Bilindiği gibi Uşak Haber Merkezi; kamuoyundaki siyasi, adli ya da sosyo-kültürel her olay ya da gelişmede, mümkün olduğunca halkın penceresinden bakarak, kamunun menfaatine olacak, özellikle Devlet kurumlarına zarar vermeyecek şekilde ve bu çerçevede kalabilmek için azami gayret ederek, yine mümkün olduğunca objektif bir tutum içerisinde halkı bilgilendirme, aydınlatma vazifesini yerine getirmektedir. Ancak, zaman zaman yukarıda çizdiğim çerçevede halkın ve kamuoyunun menfaatinin ya da zararının, ne yönde olduğunun çok bariz olduğu gelişme ya da olaylar cereyan edebiliyor. Elbette bu noktada objektiflikten mecburen taviz veriyor ve taraf olmak durumunda kalıyoruz. Zira halkın ve kamunun menfaati taraf olmamızı gerektirdiği halde tarafsızlık oynamamız, varlık sebebimizi inkardır. İşte bizi taraf olmaya mecbur eden bu gelişmelerden birisi de, Ali Erdoğan'ın her hangi bir partiden adaylığı hususu oldu.
Evet; Uşak Haber Merkezi ve Son Nokta Gazetesi adına yazıyorum. Biz Ali Erdoğan'ı Politika Sahnesinde Artık Görmek İstemiyoruz! Peki Neden? Buna gerekçe olarak yüze yakın madde yazabilirim ancak, ben mümkün olduğunca azalttığım ana başlıklar ile bu gerekçelerimi kamuoyuna aktarmak istiyorum.

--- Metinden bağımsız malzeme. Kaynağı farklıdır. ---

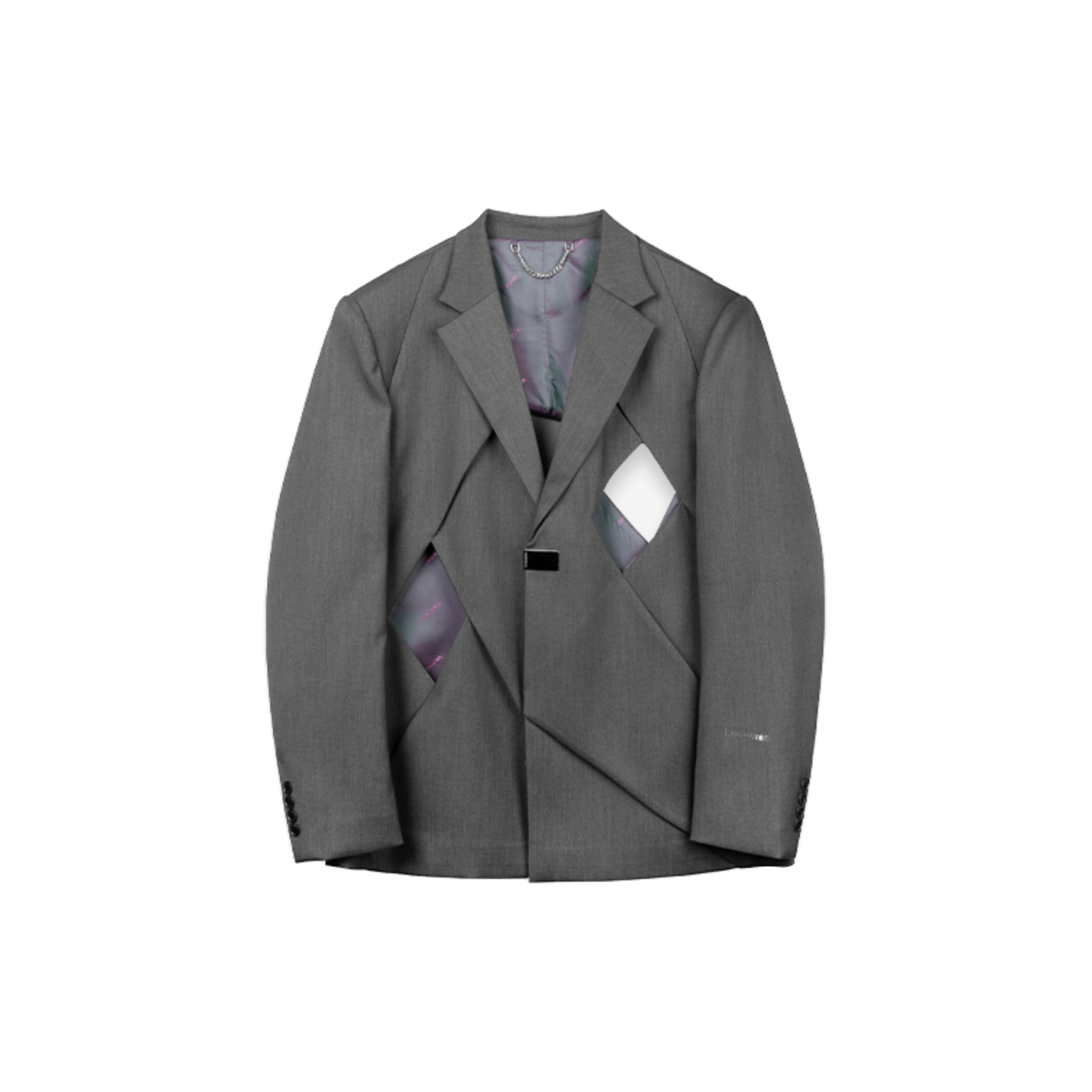 Grey Custom Button Stacked Hollow Spliced Single-Breasted Suit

Ali Erdoğan'ı Politik Arena'da Görmek İstemiyoruz! Çünkü;
Ben Ali Erdoğan'ın defalarca verdiği sözlerden caydığına bizzat şahidim. Defalarca bütün Uşak kamuoyuna yalan söylediğine ya da taahhütlerini yerine getirmediğine de bizzat şahidim. Ali Erdoğan'ın, CHP ya da başka bir siyasi partiden aday yapılması halinde, siyasetçilerin yalan söylemesinin, sözünü tutmamasının, vaatlerini yerine getirmemesinin, normal ya da doğal bir durummuş gibi kanıksanmasından ve bundan böyle yalancılara politika sahnesinde itibar edilmesinden korktuğumuz için, bu kadar yalanına kamuoyunun ve bizlerin şahit olduğu bir adamın, politikada varlık sürdürebilmesine karşı olduğumuz için, politik arenada en azından halkın gözüne baka baka yalan söylenmesinin adet edinilmesini istemediğimiz için, Ali Erdoğan'ın aday olmasını istemiyoruz.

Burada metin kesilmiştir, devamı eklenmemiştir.